• Task item:
Please print exactly the lines running from the one that contains "this 600×450 image." to the end of the data, with both lines included.
------------------------
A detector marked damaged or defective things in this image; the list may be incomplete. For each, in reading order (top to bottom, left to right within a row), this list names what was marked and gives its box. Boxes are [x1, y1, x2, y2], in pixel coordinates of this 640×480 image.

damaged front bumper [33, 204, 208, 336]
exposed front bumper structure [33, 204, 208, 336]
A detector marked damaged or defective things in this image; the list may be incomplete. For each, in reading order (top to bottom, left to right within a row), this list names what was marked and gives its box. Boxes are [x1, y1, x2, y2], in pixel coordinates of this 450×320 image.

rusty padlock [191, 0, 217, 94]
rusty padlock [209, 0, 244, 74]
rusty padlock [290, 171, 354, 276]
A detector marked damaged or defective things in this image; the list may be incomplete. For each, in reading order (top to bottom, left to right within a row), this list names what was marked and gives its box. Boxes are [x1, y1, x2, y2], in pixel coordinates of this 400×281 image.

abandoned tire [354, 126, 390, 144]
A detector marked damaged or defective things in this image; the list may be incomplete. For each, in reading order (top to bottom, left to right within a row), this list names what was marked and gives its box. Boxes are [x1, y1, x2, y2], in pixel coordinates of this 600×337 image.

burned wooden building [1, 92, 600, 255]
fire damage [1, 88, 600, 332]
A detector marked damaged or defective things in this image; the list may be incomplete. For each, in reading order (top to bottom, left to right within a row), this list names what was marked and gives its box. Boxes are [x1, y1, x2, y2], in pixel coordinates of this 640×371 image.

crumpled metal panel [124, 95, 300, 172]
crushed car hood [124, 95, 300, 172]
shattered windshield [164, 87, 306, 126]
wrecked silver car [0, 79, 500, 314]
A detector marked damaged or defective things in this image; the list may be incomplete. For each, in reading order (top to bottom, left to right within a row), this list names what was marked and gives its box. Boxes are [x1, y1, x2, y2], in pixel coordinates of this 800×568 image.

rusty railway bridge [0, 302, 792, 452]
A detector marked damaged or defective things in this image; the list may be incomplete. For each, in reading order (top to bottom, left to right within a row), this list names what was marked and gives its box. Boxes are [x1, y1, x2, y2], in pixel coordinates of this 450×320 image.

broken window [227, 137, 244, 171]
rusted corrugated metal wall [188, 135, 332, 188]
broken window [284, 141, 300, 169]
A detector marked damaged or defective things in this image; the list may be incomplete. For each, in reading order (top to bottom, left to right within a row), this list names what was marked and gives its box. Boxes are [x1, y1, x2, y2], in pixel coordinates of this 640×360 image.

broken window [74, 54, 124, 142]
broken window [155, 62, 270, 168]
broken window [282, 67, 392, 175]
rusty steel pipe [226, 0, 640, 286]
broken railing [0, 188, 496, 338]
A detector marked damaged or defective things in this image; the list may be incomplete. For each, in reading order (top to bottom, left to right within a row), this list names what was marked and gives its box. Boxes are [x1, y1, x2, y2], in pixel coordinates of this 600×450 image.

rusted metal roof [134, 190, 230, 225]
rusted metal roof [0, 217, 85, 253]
------------------------
• Solved problem:
A detector marked damaged or defective things in this image; the list may be incomplete. For each, in reading order (top to bottom, left to right within a row), this list names what was marked and gives its box. Boxes are [x1, y1, x2, y2], in pixel coordinates of this 600×450 image.

rusted metal roof [134, 190, 230, 225]
rusted metal roof [0, 217, 85, 253]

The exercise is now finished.